Problem:
Your output must be the lines below from the line containing "Escargot des bois" to the line containing "Bird House In A Tree Photograph", both lines included, reproduced exactly and without pictures.

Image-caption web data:

-------------------------

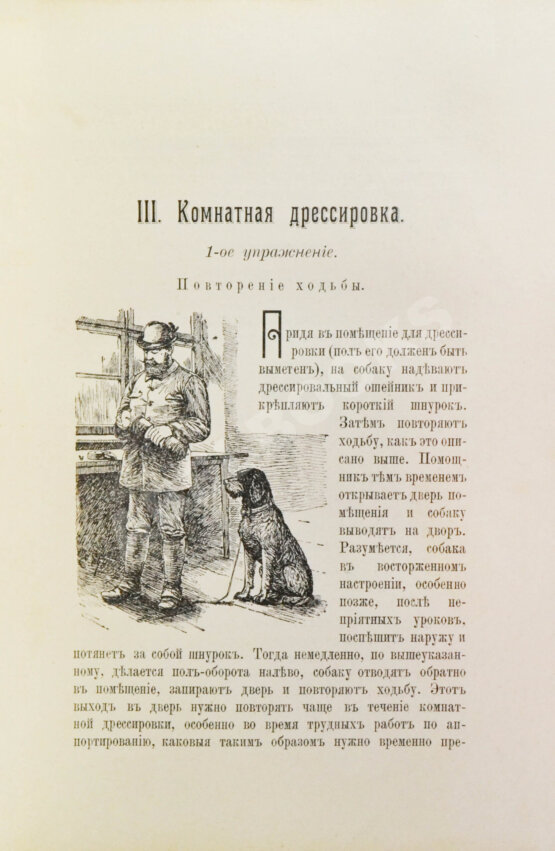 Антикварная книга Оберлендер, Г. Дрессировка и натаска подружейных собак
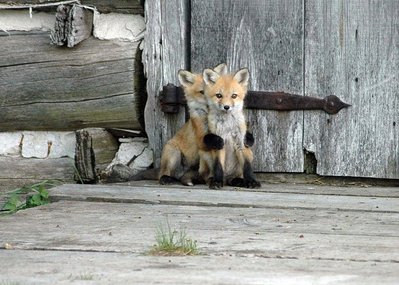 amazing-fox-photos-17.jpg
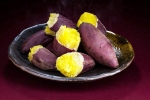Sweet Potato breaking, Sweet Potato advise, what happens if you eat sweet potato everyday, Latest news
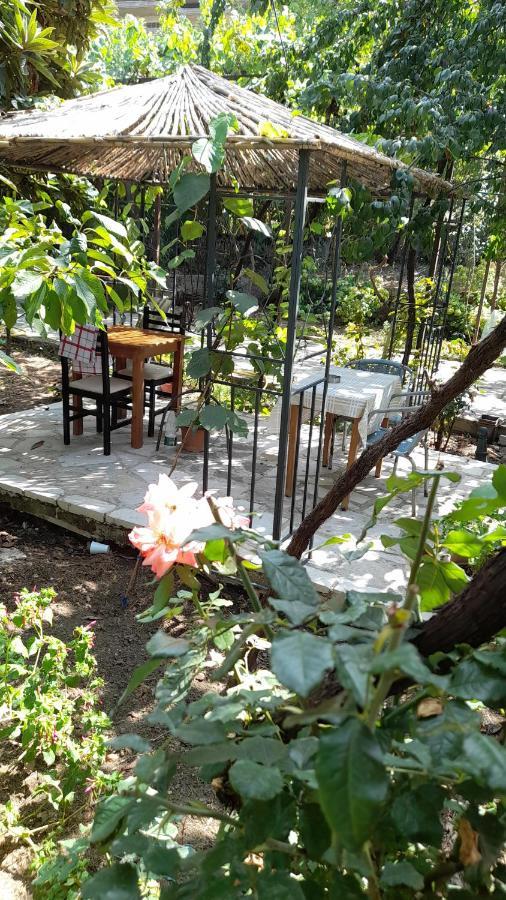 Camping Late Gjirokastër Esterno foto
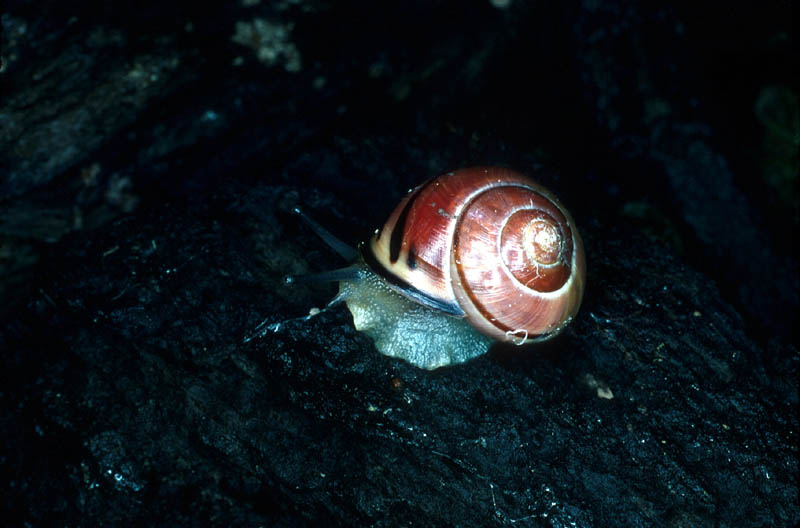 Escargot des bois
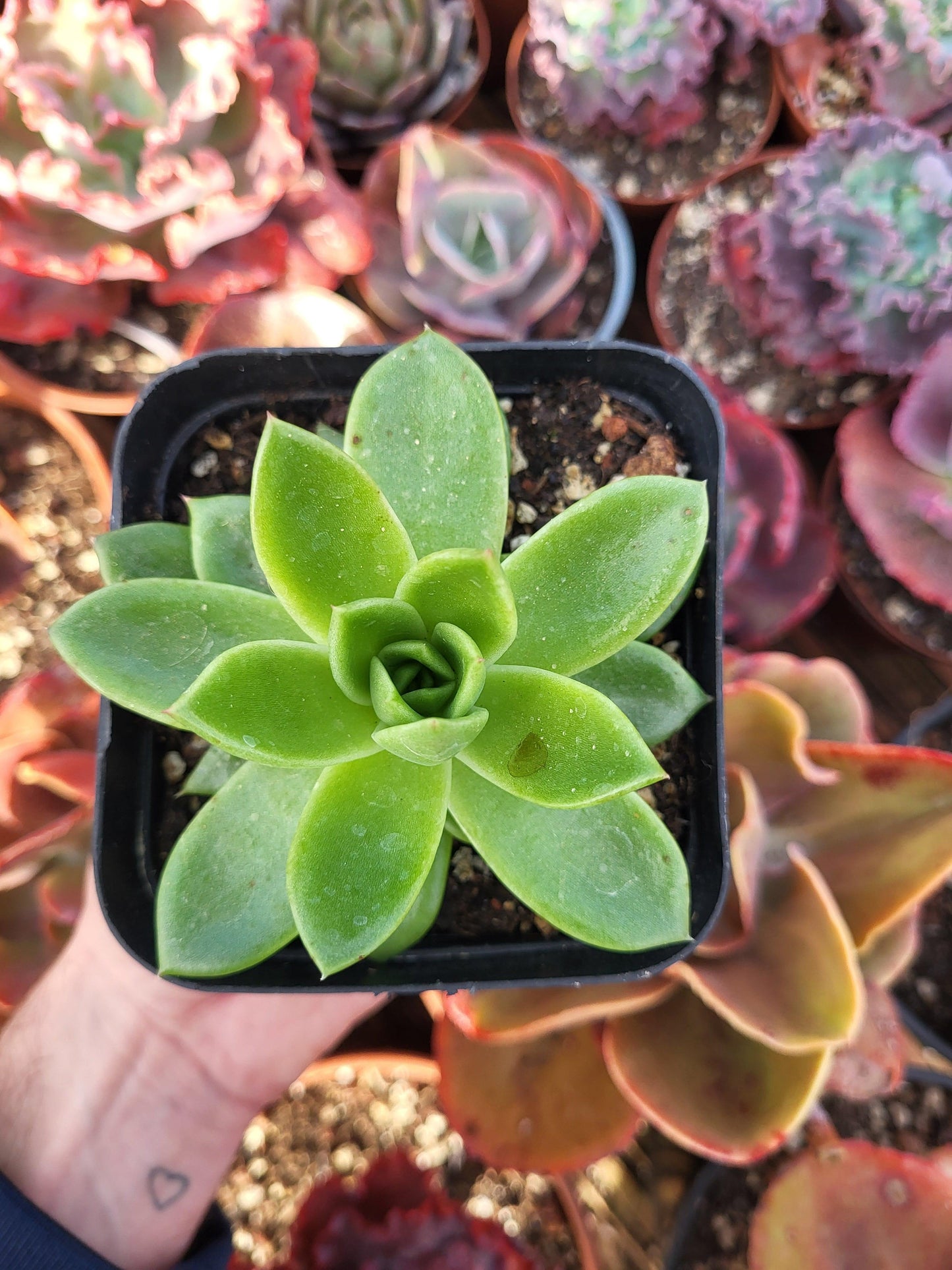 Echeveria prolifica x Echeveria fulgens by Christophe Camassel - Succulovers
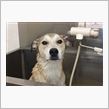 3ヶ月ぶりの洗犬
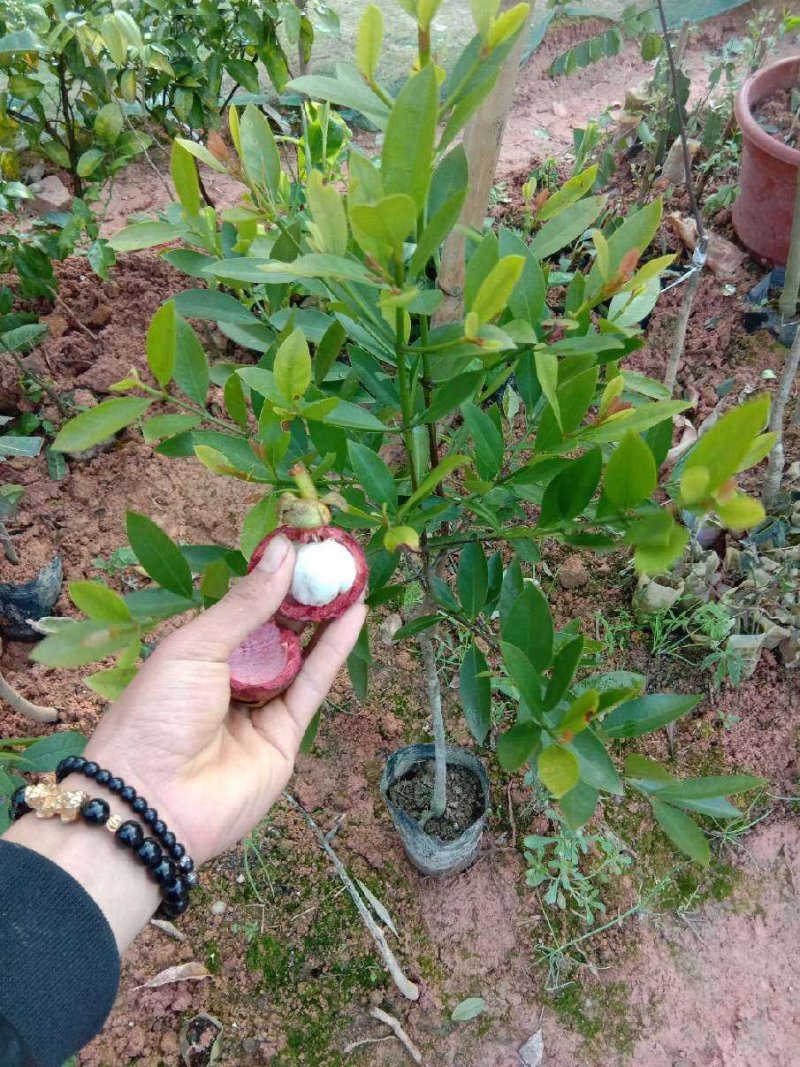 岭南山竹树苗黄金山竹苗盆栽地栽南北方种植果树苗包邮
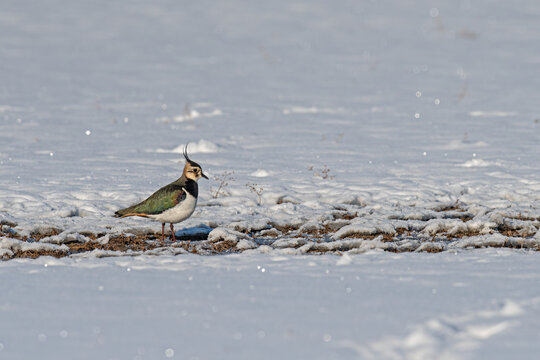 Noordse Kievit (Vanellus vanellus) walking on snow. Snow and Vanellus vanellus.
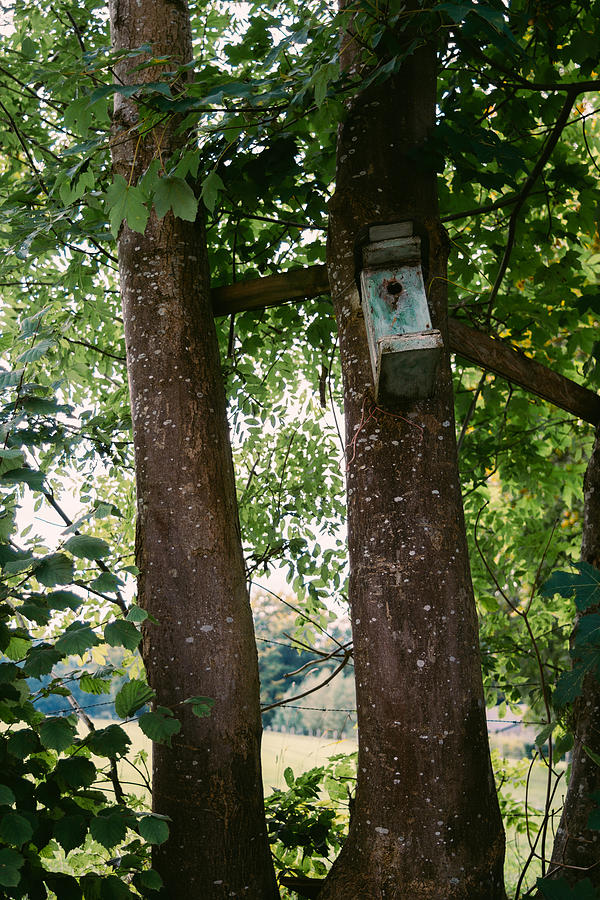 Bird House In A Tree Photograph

-------------------------

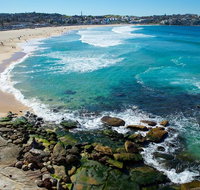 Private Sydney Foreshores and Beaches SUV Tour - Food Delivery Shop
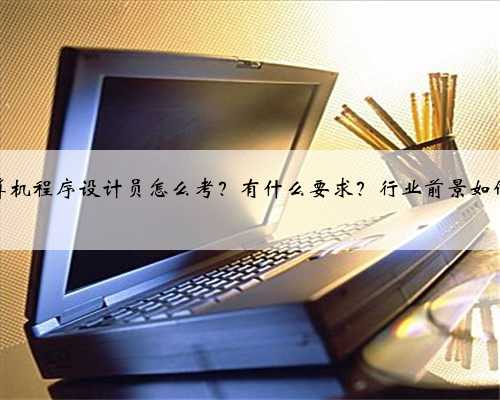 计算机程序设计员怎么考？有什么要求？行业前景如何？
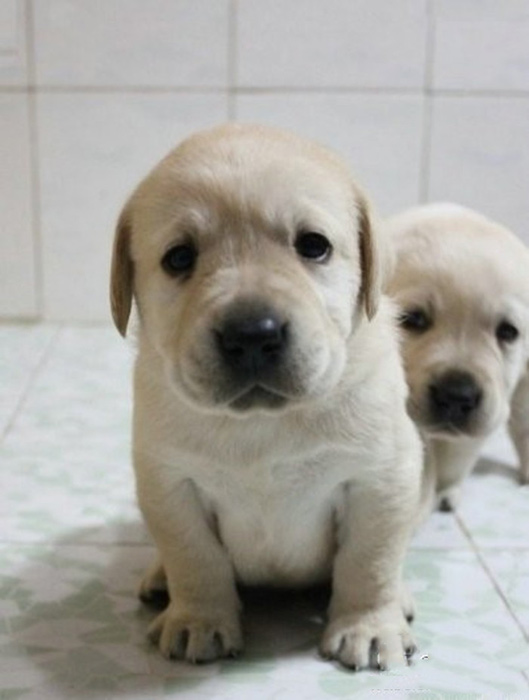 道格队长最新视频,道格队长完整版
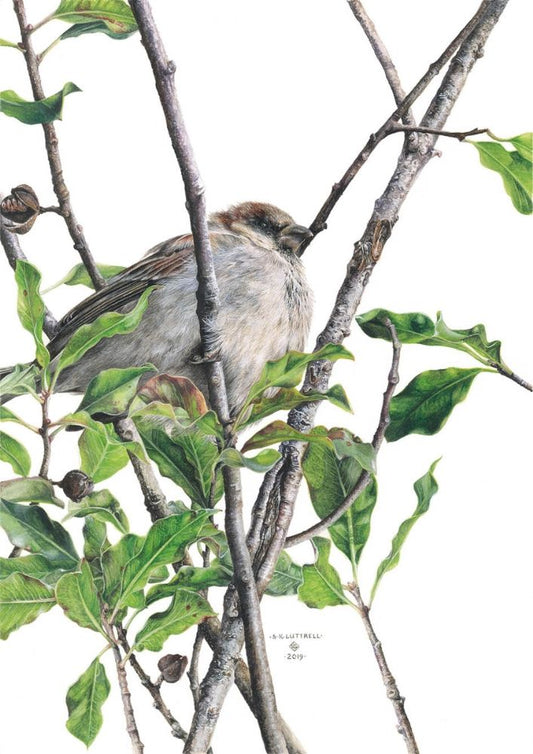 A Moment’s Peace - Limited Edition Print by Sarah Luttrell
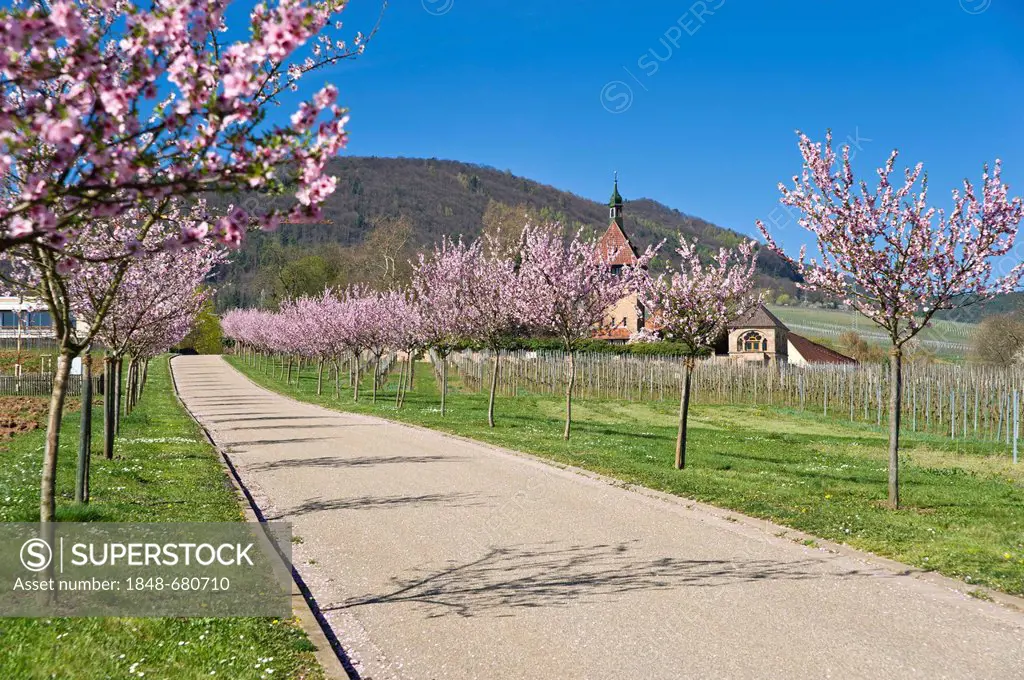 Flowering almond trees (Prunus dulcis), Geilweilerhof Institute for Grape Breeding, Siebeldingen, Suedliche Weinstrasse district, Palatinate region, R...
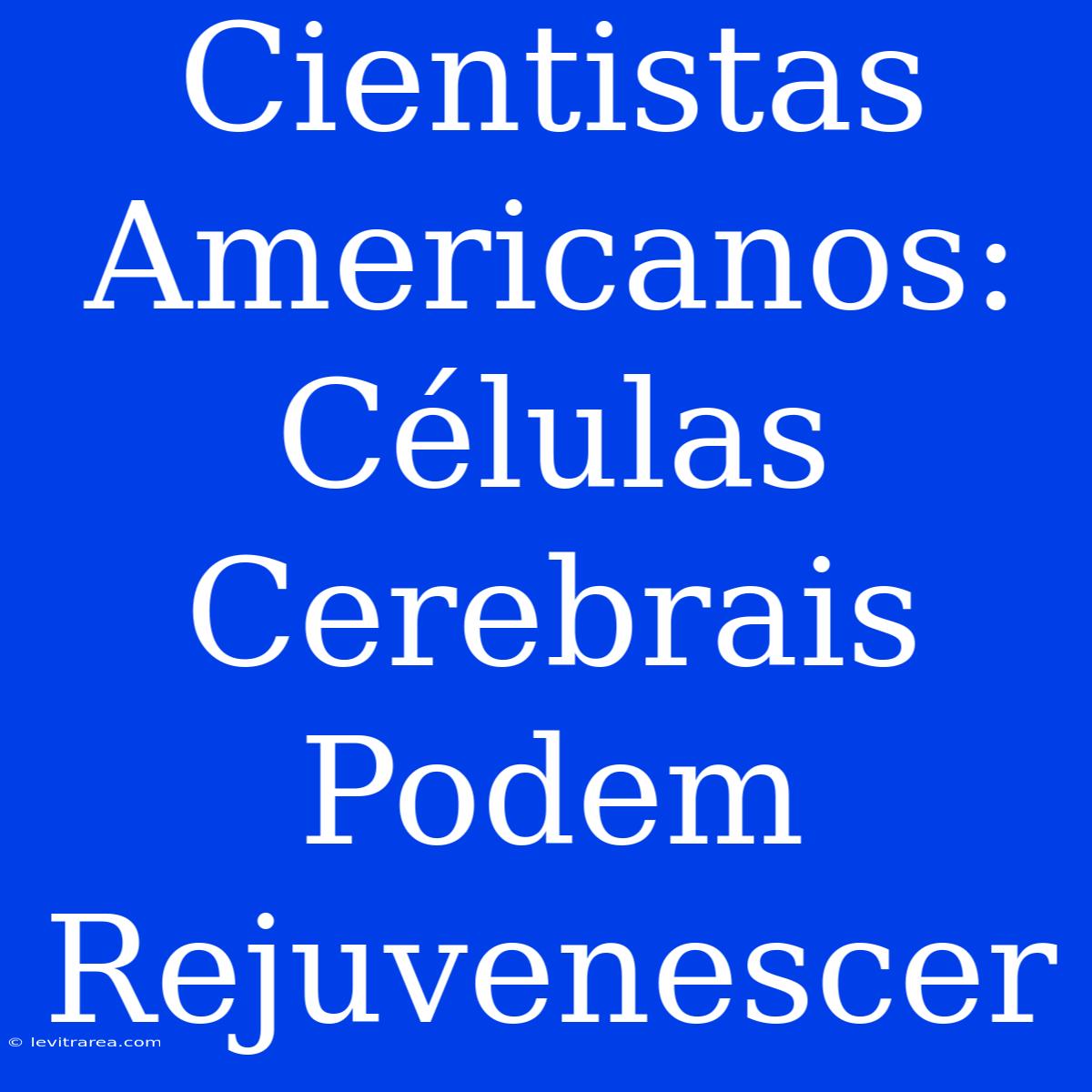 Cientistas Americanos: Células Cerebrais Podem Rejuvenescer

-------------------------

Exercise answer:
 Escargot des bois
 Echeveria prolifica x Echeveria fulgens by Christophe Camassel - Succulovers
 3ヶ月ぶりの洗犬
 岭南山竹树苗黄金山竹苗盆栽地栽南北方种植果树苗包邮
 Noordse Kievit (Vanellus vanellus) walking on snow. Snow and Vanellus vanellus.
 Bird House In A Tree Photograph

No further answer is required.